The molecular structures of a string of important biomolecules of unprecedented complexity at the time, including penicillin and vitamin B12, were elucidated within the next three decades, and her ingenuity and resourcefulness were recognized with the 1964 Nobel Prize in chemistry. Far from slowing down, Hodgkin solved the structure of insulin in 1969, concluding a piece of work that she had started almost 35 years before. She devoted a good part of her time in the 1970s and 1980s to a wide range of peace and humanitarian causes, primarily in developing countries, and she remained active in the field of protein crystallography until her death in 1994.

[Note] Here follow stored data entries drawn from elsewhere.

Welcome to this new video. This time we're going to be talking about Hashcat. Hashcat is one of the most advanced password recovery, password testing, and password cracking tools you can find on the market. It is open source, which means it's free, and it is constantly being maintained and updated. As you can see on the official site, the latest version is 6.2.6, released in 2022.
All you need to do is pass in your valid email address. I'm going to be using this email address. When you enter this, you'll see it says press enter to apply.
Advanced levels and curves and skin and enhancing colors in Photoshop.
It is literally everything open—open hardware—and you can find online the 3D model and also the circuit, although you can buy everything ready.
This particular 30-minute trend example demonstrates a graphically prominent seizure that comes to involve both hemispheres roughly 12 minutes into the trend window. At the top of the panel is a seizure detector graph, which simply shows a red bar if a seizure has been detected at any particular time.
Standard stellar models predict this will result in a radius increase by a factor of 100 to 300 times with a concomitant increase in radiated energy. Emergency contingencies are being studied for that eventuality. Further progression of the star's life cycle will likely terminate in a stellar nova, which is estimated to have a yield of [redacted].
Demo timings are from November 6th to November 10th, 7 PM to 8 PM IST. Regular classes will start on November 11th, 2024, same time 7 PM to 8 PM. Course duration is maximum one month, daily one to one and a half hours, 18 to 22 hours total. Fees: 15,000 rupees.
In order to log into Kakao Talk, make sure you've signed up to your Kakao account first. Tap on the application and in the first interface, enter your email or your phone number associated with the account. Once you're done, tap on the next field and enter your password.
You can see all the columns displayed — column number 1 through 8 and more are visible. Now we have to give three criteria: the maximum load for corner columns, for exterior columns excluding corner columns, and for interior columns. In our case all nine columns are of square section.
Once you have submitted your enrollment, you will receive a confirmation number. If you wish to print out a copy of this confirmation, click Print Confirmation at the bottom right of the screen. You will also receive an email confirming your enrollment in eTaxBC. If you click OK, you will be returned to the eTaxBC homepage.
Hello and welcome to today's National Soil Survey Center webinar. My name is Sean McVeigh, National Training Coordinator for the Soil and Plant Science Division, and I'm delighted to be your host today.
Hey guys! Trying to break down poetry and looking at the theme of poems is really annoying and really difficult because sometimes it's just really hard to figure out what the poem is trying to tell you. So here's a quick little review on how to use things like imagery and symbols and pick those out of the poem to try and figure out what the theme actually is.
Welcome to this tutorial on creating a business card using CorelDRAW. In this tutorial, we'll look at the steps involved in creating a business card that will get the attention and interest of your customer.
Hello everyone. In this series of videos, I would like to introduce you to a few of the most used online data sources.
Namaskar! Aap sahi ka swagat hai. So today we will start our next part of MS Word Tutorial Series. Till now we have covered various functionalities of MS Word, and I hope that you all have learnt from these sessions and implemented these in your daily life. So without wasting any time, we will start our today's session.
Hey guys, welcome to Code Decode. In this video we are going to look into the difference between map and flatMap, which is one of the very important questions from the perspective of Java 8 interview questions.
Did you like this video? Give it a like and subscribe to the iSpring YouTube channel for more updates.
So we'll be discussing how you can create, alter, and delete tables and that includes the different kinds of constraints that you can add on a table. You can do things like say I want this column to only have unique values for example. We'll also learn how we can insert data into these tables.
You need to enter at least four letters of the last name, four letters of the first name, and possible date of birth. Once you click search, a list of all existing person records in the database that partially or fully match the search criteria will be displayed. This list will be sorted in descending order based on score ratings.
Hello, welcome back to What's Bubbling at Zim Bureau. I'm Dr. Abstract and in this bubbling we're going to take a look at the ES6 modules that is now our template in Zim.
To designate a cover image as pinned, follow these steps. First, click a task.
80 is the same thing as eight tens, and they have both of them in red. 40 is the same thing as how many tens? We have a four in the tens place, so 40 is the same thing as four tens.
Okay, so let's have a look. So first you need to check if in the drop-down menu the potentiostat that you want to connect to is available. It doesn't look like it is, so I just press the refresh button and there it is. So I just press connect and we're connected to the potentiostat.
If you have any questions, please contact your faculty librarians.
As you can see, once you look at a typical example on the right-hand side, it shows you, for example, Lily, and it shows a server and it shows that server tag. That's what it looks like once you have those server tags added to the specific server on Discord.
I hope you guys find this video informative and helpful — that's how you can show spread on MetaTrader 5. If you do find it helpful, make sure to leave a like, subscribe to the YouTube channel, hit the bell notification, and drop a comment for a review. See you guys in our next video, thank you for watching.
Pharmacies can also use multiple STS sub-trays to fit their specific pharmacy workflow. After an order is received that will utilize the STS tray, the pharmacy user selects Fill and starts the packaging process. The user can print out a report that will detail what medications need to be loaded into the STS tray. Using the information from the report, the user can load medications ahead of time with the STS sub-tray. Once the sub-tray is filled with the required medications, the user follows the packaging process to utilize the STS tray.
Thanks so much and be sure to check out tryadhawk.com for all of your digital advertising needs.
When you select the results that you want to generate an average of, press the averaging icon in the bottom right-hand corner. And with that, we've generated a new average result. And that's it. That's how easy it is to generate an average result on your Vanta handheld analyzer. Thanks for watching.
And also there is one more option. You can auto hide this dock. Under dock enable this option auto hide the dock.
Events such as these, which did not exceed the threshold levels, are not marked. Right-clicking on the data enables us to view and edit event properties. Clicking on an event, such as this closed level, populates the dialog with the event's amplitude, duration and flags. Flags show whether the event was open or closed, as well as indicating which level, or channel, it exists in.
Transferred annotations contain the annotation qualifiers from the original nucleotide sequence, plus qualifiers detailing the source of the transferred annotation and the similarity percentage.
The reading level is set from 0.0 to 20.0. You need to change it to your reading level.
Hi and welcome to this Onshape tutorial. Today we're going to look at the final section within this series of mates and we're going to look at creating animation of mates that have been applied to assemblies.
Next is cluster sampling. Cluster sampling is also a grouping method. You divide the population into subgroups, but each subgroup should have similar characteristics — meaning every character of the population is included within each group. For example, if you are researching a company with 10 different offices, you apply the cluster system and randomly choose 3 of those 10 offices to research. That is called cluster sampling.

The stamp illustrated here honors Hodgkin and is part of a set of 10 stamps issued in the United Kingdom earlier this year to celebrate the 350th anniversary of the Royal Society. The stamps portray 10 distinguished Fellows of the Society, one for each 35-year period of its history, going all the way back to Robert Boyle. Although Hodgkin is the only woman in the exclusive cohort, she is certainly in good company since the eclectic group also includes the likes of Isaac Newton, Benjamin Franklin, Joseph Lister, and Ernest Rutherford. The upper half of the stamp depicts the electron density levels in the three-dimensional structure of vitamin B12 (cyanocobalamin), with three of the four pyrrole subunits (labeled A, B, and D) that make up the corrin ring surrounding the central cobalt ion and the 5,6-dimethylbenzimidazole and cyanide groups included in the structural diagram.